I was angry with my foe:
I told it not, my wrath did grow.
And I water'd it in fears,
Night & morning with my tears;
And I sunned it with smiles,
And with soft deceitful wiles.
And it grew both day and night,
Till it bore an apple bright;
And my foe beheld it shine,
And he knew that it was mine,
And into my garden stole
When the night had veil'd the pole:
In the morning glad I see
My foe outstretch'd beneath the tree."
You could say all sorts of things about this poem: an immediate allusion to the first garden. Three characters here, or perhaps four: I am two people: that of God in me confesses my feelings, there's an implied forgiveness; there's an unspoken tree of life. The other "i" is my selfhood, that of Satan in me; I dissemble, like the hypocrite I am; I brood over being wronged, and fantasize getting even with that s.o.b. That's the way the devilish tree came about.

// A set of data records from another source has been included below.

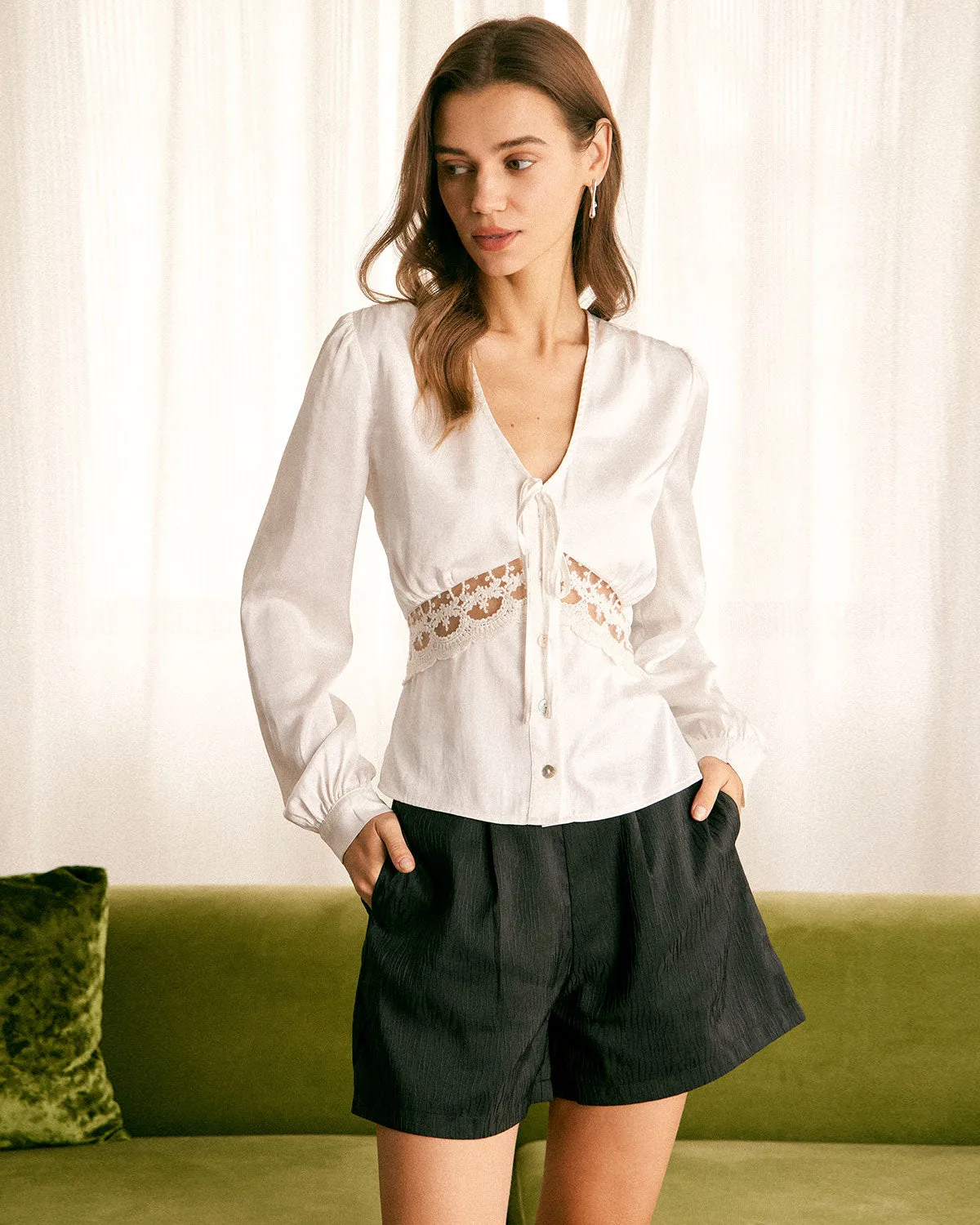 The White V Neck Lace Button Up Blouse sold by rihoas product image thumbnail 4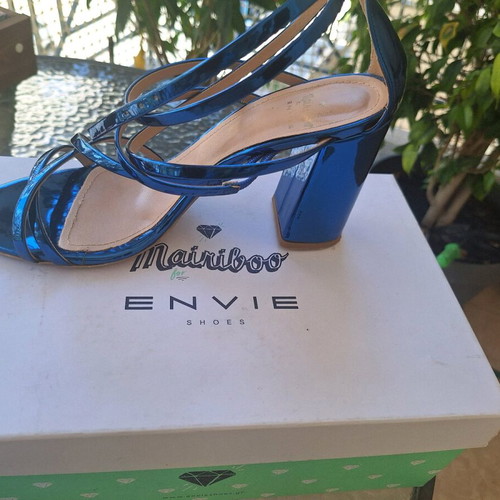 Mairiboo for Envie metallic blue sandals size 41 like new, 9cm heel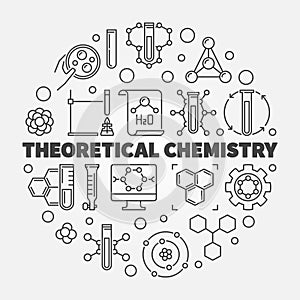 Theoretical Chemistry vector concept round line illustration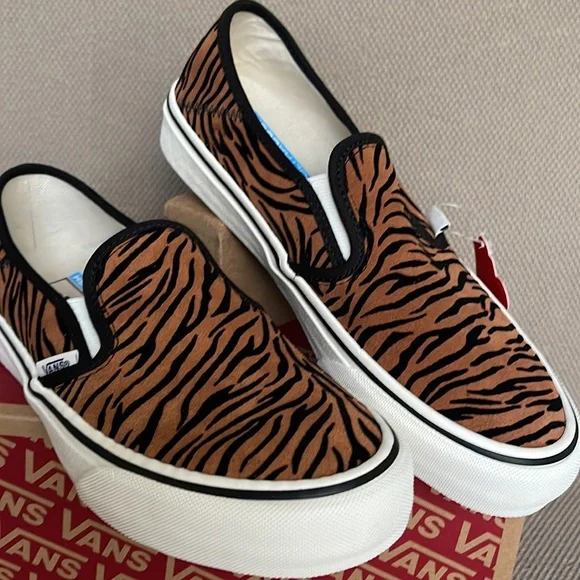 Vans Slip-On Safari Animal Stripes Black Marshmallow WMNS - Picture 7 of 16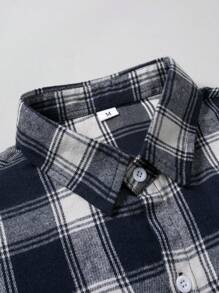 Blue And White Plaid Casual Business Long Sleeve Shirt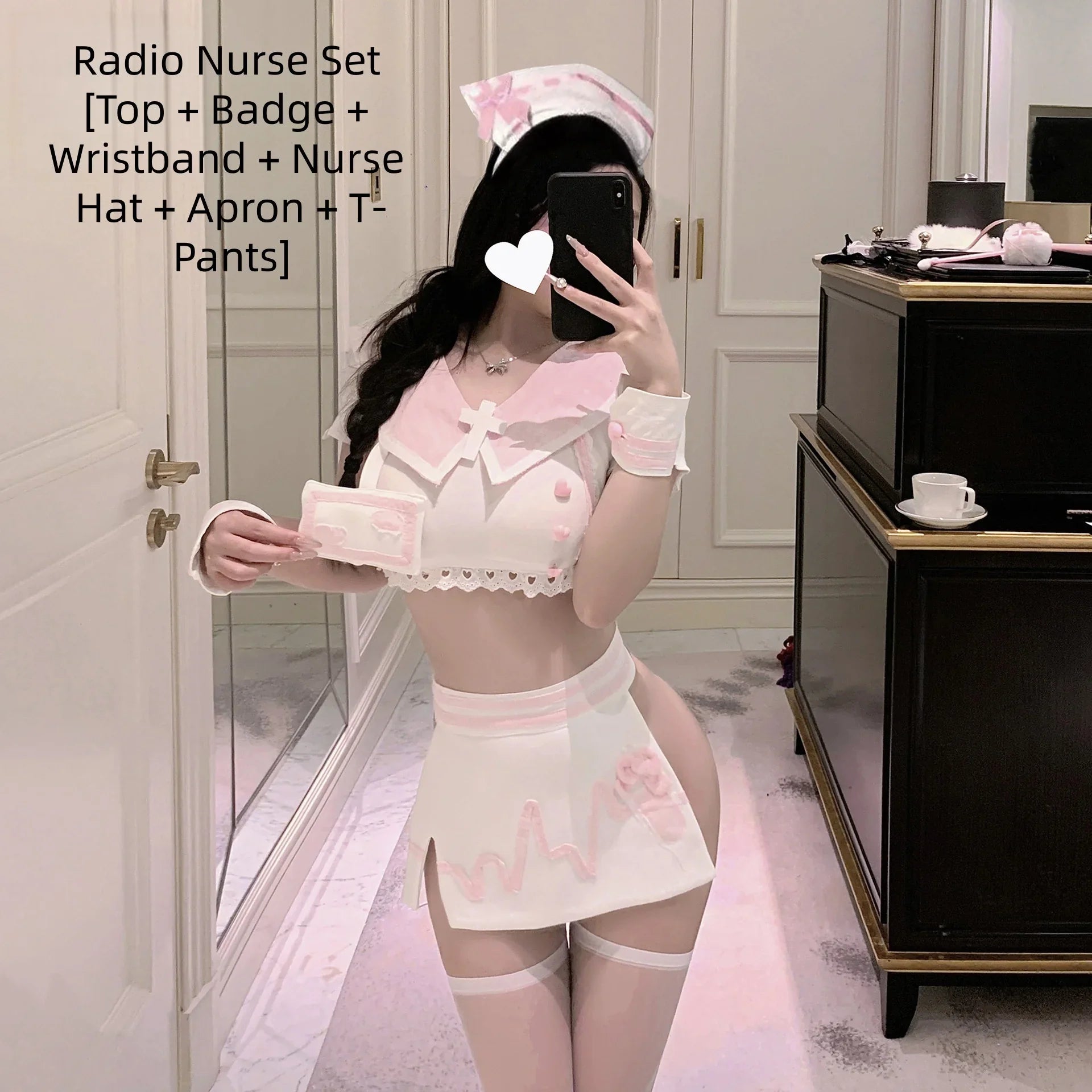 Seductive and Tempting Daring Electric Wave Little Nurse Pure Desire Cute Nurse Uniform Hip-hugging Skirt Lingerie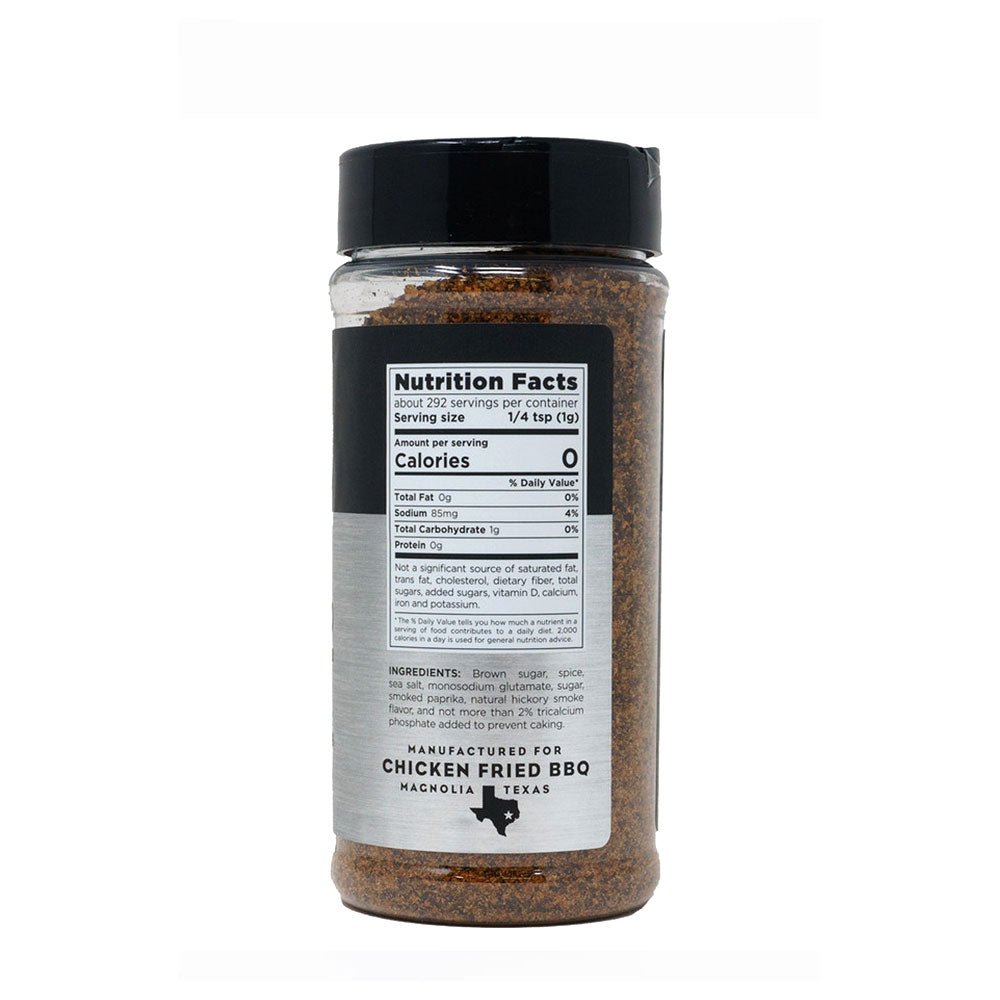 The back of a spice bottle labeled "Chicken Fried BBQ Texas Rib Grind," showing nutritional information, ingredients, and manufacturing details.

In fact Blake explained it baldly in another of the Songs of Experience, call The Human Abstract:
Pity would be no more
If we did not make somebody Poor;
And Mercy no more could be
If all were as happy as we.
And mutual fear brings peace,
Till the selfish loves increase:
Then Cruelty knits a snare,
And spreads his baits with care.
He sits down with holy fears,
And waters the ground with tears;
Then Humility takes its root
Underneath his foot.
Soon spreads the dismal shade
Of Mystery over his head;
And the Catterpiller and Fly
Feed on the Mystery.
And it bears the fruit of Deceit,
Ruddy and sweet to eat;
And the Raven his nest has made
In its thickest shade.
The Gods of the earth and sea
Sought thro' Nature to find this Tree;
But their search was all in vain:
There grows one in the Human Brain.
A Poison Tree
The Tree of Mystery
The Tree of the Knowledge of Good and Evil. All too often what we take to be good is taken by another to be evil, or vice versa.